LOS ANGELES — A California appellate court has denied Mossimo Inc.’s appeal of a June 17 arbitration award and judgment entered in Cherokee Inc.’s favor.
The Jan. 2 decision by the Court of Appeals for the 2nd District reaffirmed the earlier ruling by the Los Angeles Superior Court confirming the award, finder’s fees, interest and attorney costs due to Van Nuys, Calif.-based brand licensor Cherokee, along with its original finder’s fee agreement between Target and Mossimo.
Since July 2002, the two firms have been in dispute over $2.7 million in finder’s fees related to the Target-Mossimo license brokered by Cherokee in 2000. In a filing with the Securities and Exchange Commission, Cherokee said Mossimo owes it $5.8 million in outstanding accounts receivable as of the third quarter ended Nov. 1, 2003.
In a statement, Cherokee president Howard Siegel said, “We hope with this ruling that Mossimo Inc. will see the merits in [its] legal effort, paying us what they owe us and avoiding further interest cost.”
Calls to Santa Monica, Calif.-based Mossimo weren’t returned.
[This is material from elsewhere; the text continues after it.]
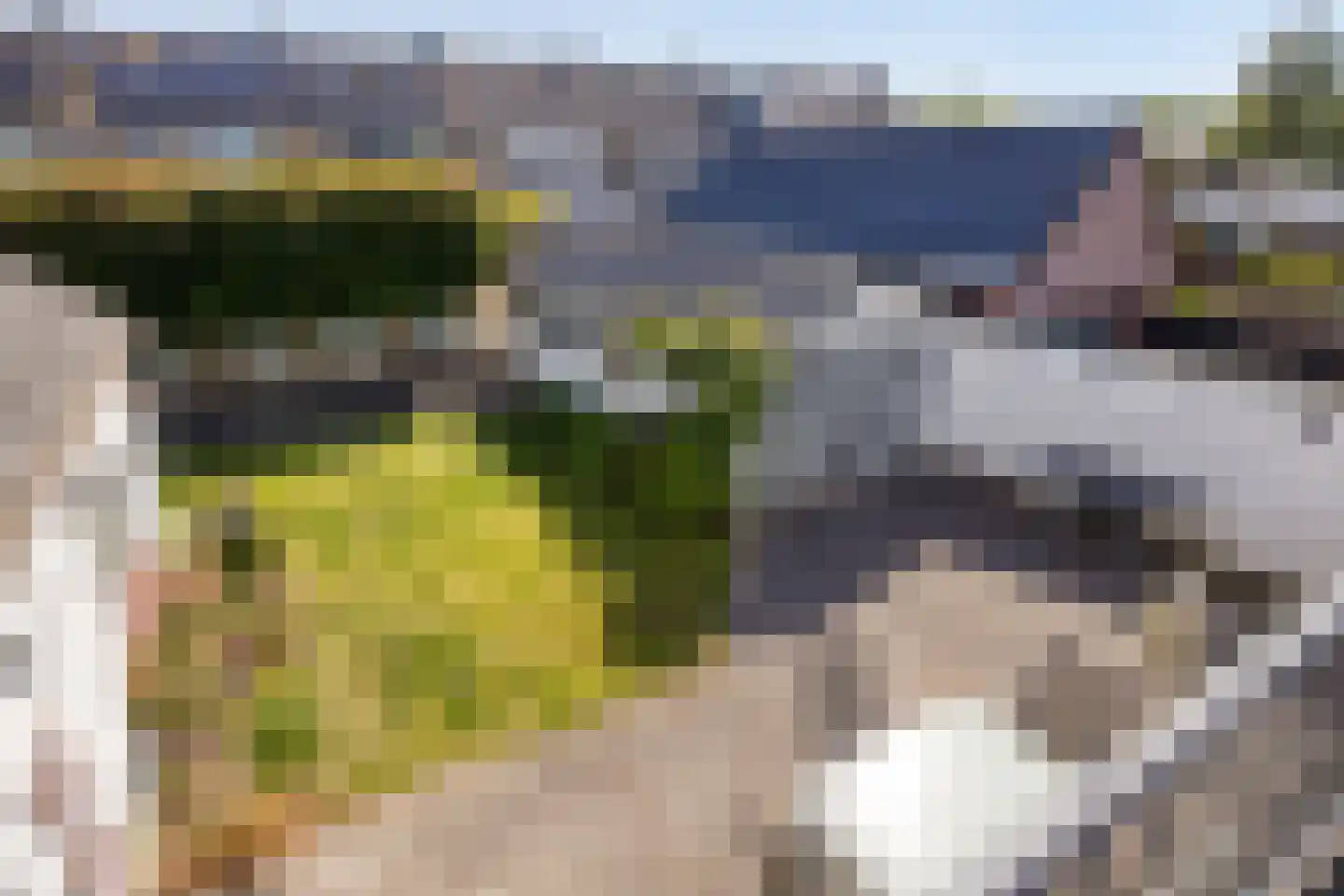 Platteweg 13 Scharendijke thumbnail 24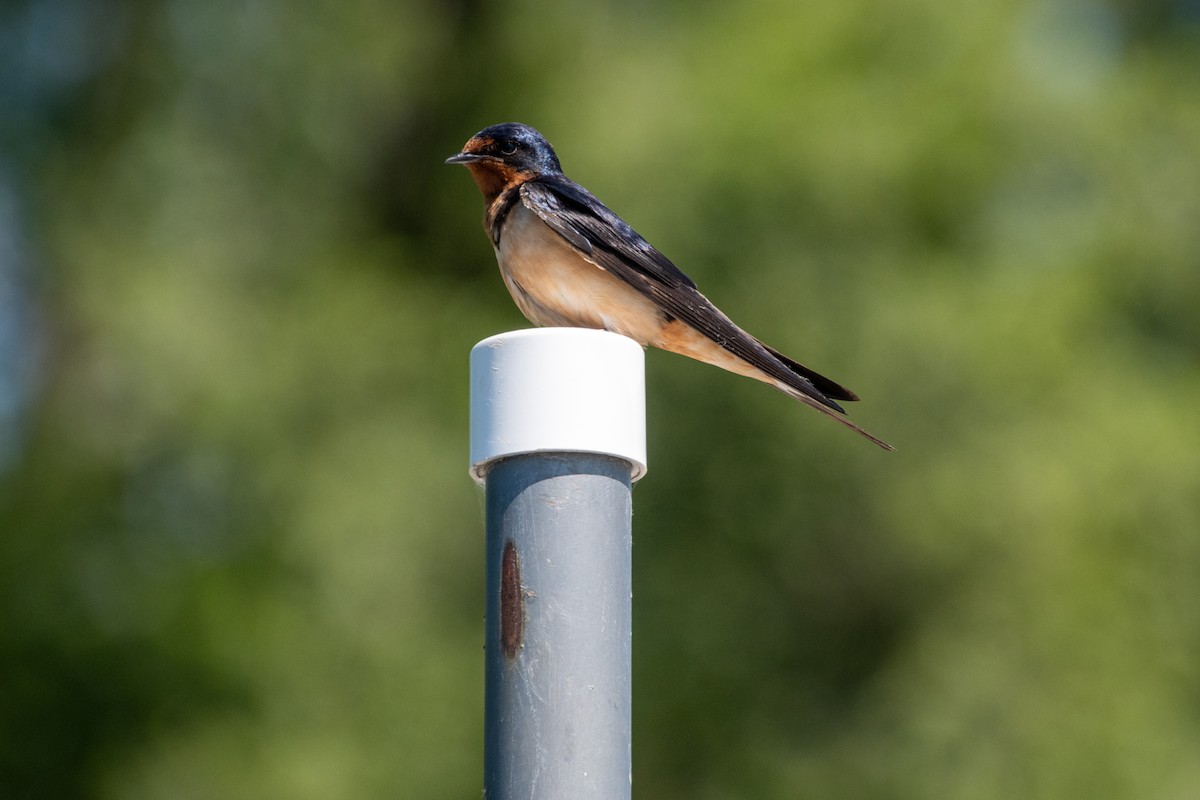 Golondrina Común - ML638491516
Cherokee’s stable of brands has kept its top line heading north. Third-quarter revenues rose 11.3 percent to $6.7 million, compared with revenues of $6.1 million in the year-ago period. Earnings rose to $2.5 million, or 29 cents a diluted share, compared with $2.1 million, or 25 cents, in the year-ago period.
For the third quarter and nine months ended Nov. 1, Cherokee said revenues generated from the Mossimo deal totaled $308,000 and $2.2 million, respectively, compared to $431,000 and $2.4 million for the periods prior. Revenues from Mossimo for fiscal 2003 rose to $2.7 million against $2.2 million for fiscal 2002.
Higher royalty rates contributed to greater revenues last year, the company said.
Still, sales softened for some brands. Sales of its Cherokee brand at Target were off 3 percent for the quarter and 6 percent year-to-date.